Does anybody use or can recommend a fulfillment house that has the ability to apply heat transfer images to apparel? We would need a fairly large operation that can apply up to 1,000 images a day. The ideal partner would carry their own apparel inventory that we could use. 

Thank you very much.


----------



## Rodney (Nov 3, 2004)

No, I've never heard of a place like that. You may want to contact some of the heat press vendors, they may know of places like that. Call Josh at Imprintables.com and see if he has a recommendation. 1-800-347-0068


----------



## TSP (Jul 31, 2007)

Thank you for the information.

Much appreciated.

Cheers


----------



## bergenandco (Jul 30, 2007)

TSP said:


> Hello,
> 
> Does anybody use or can recommend a fulfillment house that has the ability to apply heat transfer images to apparel? We would need a fairly large operation that can apply up to 1,000 images a day. The ideal partner would carry their own apparel inventory that we could use.
> 
> Thank you very much.


 
If your doing that many it seems like just screen printing would be the best...


----------



## Rodney (Nov 3, 2004)

TSP said:


> Thank you for the information.
> 
> Much appreciated.
> 
> Cheers


You may also want to contact Fred at: Your own Home Business - dropshipping over 200 personalized products: Fun-Tees. to see what his capacities are.


----------



## TSP (Jul 31, 2007)

Thanks, we will look into it.

Cheers


----------



## DAGuide (Oct 2, 2006)

There is a Stahls facility "across the river" from Josh at Imprintables that does a lot of production work. When I was there, I saw them doing a ton of hockey jerseys. They must have had 40+ heat presses. So, Josh might be a good contact.

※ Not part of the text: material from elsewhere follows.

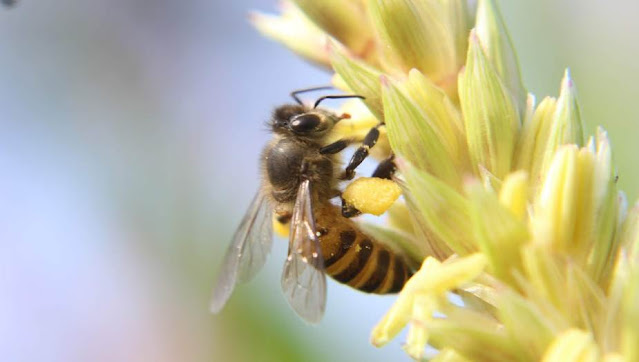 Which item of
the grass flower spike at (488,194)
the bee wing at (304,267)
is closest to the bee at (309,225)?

There are also companies, like Awesome Graphics, that do primarily production work for catalog companies. This type of company could also work for you. Ultimately, it is going to come down to the total cost (production cost, shipping, wharehousing,...). 

Hope you find someone. Best wishes.

Mark


----------



## TSP (Jul 31, 2007)

Thank you. I'll take a look.

Cheers


----------